Tuesday Aug 11 2009
Guides’ murders remain mysteries
By: Penne Usher Journal Correspondent
On Friday it will be five years since two El Dorado County river-rafting guides were brutally murdered while they slept on a beach. Their families had hoped that DNA evidence might finger the killer. But DNA from Joseph Henry Burgess, 62, who was killed July 16 in a shootout with police in New Mexico, did not match the sample collected from the guides’ crime scene. Burgess was a “person of interest” in the murder of Jason Allen, then 26, of Michigan and Lindsay Cutshall, then 22, of Ohio. The engaged couple were found shot to death Aug. 15, 2004 while they slept on a stretch of Sonoma County coastline. “The DNA is not a match, but we weren’t too surprised,” Lindsay’s mother, Kathy Cutshall, said Tuesday. “It was a long shot. The DNA found (at the murder scene) could have belonged to anyone who had been on the beach.” The couple, who at the time worked for Rock-N-Water in El Dorado County as rafting guides, were found dead, each from a single gunshot wound to the head. The scene indicated that an unknown assailant shot both victims, Sonoma County officials have said. There was no indication of a struggle. Burgess was wanted for the 1972 slaying of a couple along a Canadian beach. That crime bears striking similarities to the Allen and Cutshall murders. Capt. Matt McCaffrey, of the Sonoma County Sheriff’s Office, said law enforcement officials looked at similar cases and came across a 37-year-old case out of Canada. “There were a lot of similarities in the two cases,” he said.
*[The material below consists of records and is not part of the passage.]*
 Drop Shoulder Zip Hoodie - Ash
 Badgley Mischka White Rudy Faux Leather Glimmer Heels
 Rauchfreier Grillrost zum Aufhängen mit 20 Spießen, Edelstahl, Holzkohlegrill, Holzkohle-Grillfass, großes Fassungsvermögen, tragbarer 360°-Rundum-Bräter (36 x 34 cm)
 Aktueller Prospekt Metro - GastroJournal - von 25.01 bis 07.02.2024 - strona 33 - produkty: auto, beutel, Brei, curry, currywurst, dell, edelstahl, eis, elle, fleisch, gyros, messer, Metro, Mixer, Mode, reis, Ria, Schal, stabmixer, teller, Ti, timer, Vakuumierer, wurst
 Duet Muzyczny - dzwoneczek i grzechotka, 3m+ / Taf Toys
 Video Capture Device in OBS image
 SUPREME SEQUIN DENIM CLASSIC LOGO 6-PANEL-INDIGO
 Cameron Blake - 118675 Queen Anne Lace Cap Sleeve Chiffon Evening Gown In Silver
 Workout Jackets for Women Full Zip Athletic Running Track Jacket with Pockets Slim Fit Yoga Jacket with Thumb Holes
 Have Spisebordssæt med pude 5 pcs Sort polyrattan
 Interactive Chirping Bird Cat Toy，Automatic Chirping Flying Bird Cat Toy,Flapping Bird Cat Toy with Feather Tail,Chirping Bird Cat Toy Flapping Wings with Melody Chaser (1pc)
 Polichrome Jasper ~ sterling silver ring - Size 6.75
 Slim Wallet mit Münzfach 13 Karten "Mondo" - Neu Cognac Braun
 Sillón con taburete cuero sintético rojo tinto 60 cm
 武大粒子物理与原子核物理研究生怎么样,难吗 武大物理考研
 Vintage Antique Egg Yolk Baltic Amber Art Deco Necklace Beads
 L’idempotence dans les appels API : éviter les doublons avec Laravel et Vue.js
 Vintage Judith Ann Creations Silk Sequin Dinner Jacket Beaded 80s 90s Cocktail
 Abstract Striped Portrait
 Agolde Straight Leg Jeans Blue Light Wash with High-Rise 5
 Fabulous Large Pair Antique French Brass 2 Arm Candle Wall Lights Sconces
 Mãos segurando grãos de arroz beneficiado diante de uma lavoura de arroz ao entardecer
In 1972 Ann Barbara Durrant, 20, and Leif Bertil Carlsson, 19, were found shot to death in their sleeping bag on a Vancouver Island beach. Fingerprints left on a Bible at the murder scene reportedly belonged to Burgess, who hadn’t been seen or heard from since. That is until a sting operation in the Jemez Mountains was put into place to catch a burglar. Burgess was killed, along with an officer in the July shootout. The Allen and Cutshall families now may never know who took the lives of their children, but the investigation will continue if new leads develop. “The most difficult thing to deal with was the loss of Lindsay and Jason,” Kathy Cutshall said. “The only way we can survive is to leave (the killer’s fate) in God’s hands. Someday he will meet his maker.